== Task ==
Write out word for word the lines from the one holding "261 N Main Street" through the end of the data, and only those lines. Pictures stay out.
-- Opening Marker --
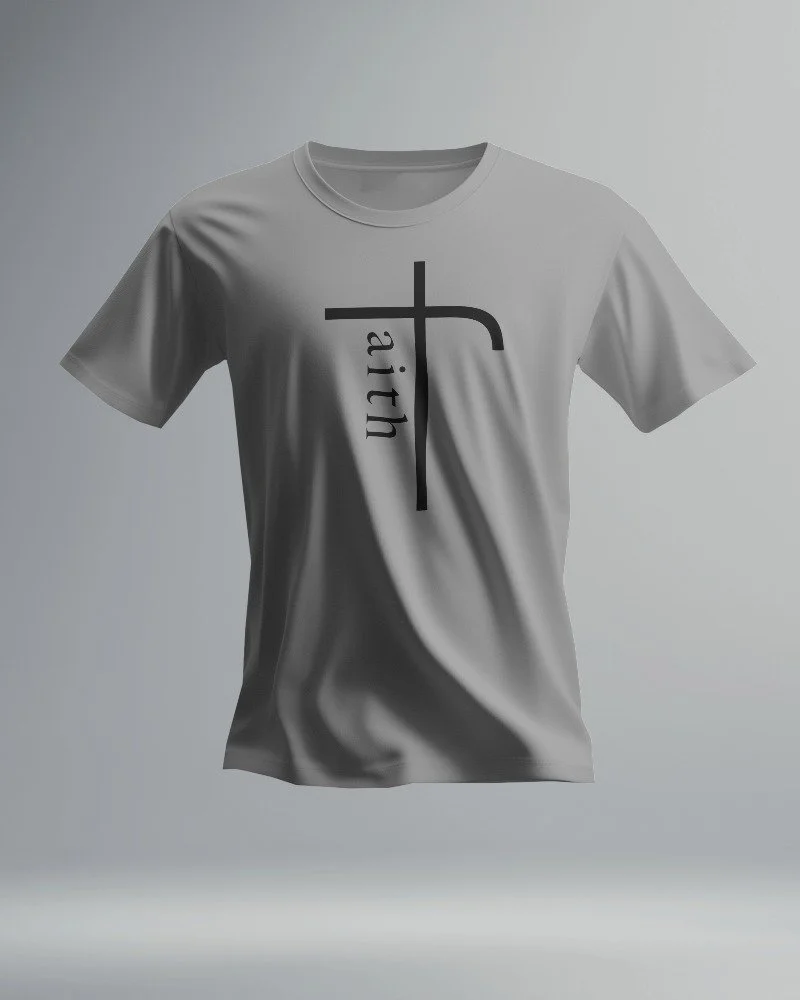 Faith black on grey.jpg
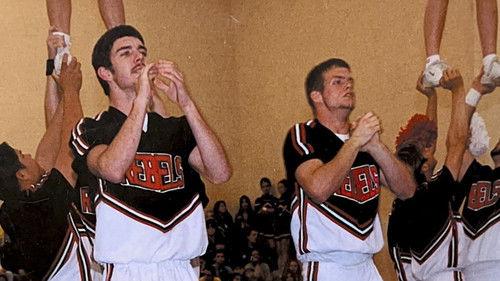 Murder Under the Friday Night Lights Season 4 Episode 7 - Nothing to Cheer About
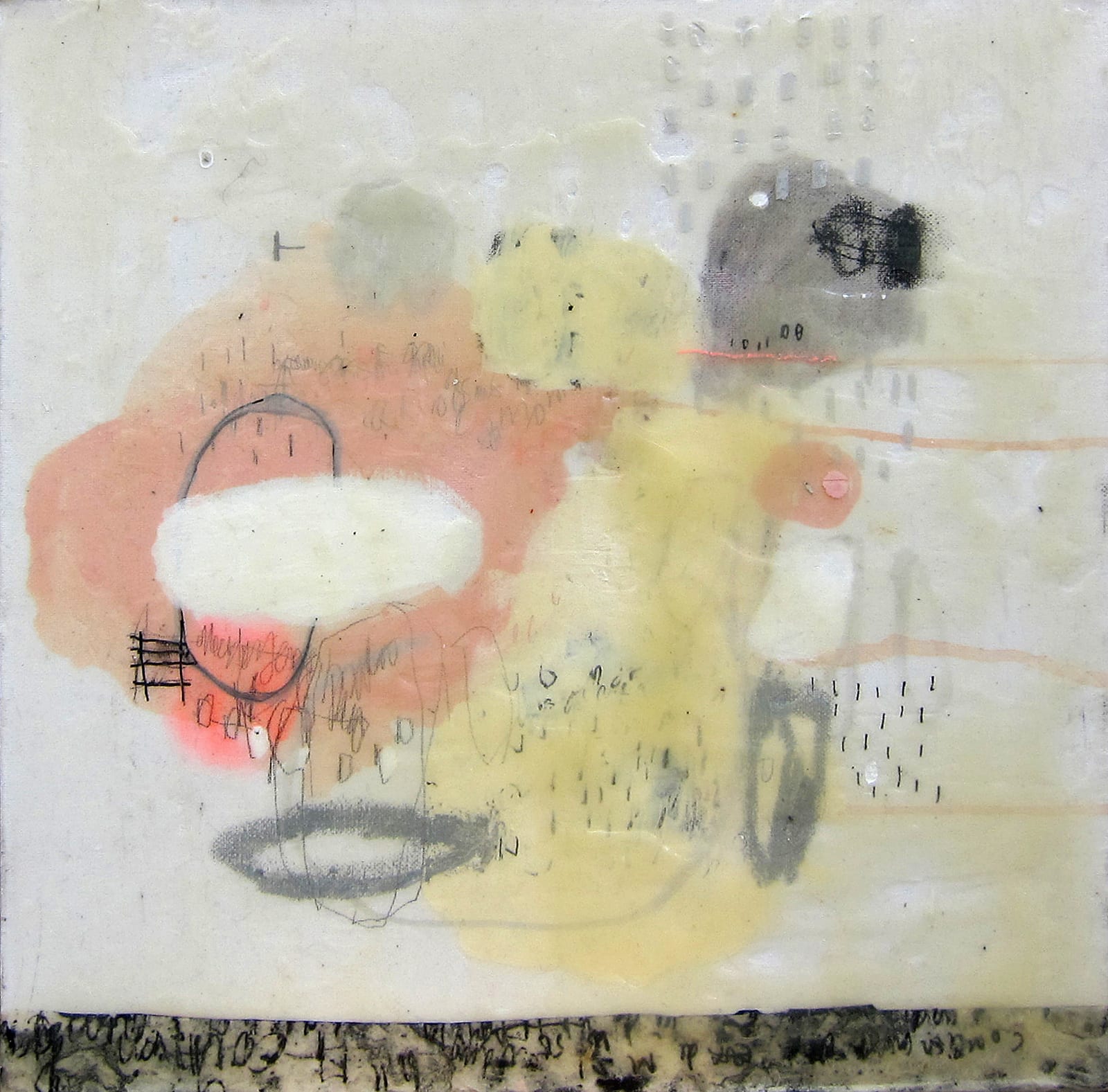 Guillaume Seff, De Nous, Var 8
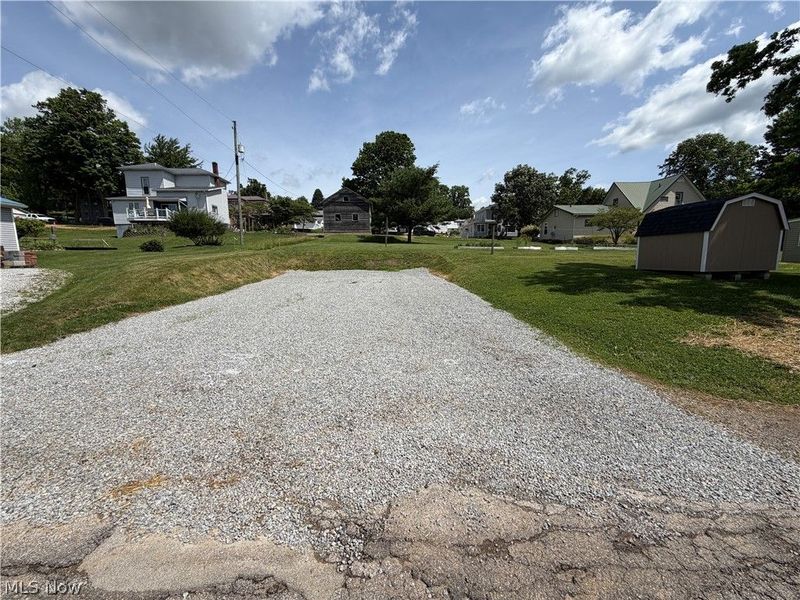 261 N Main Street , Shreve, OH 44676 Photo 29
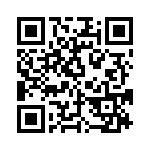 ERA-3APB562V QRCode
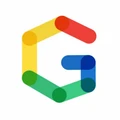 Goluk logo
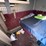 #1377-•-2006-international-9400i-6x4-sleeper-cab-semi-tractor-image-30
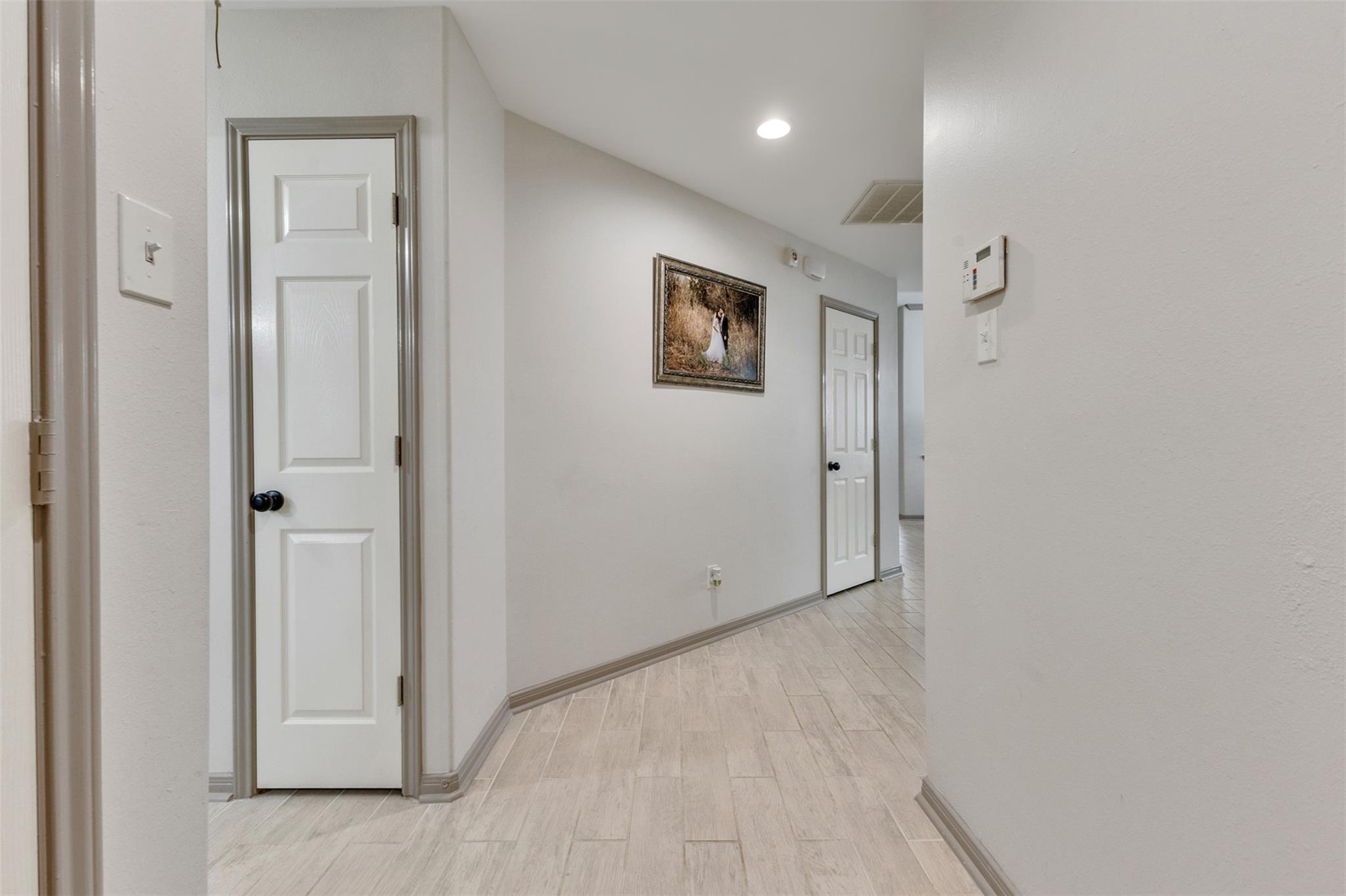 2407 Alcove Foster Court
-- Closing Marker --
== Answer to the exercise ==
 261 N Main Street , Shreve, OH 44676 Photo 29
 ERA-3APB562V QRCode
 Goluk logo
 #1377-•-2006-international-9400i-6x4-sleeper-cab-semi-tractor-image-30
 2407 Alcove Foster Court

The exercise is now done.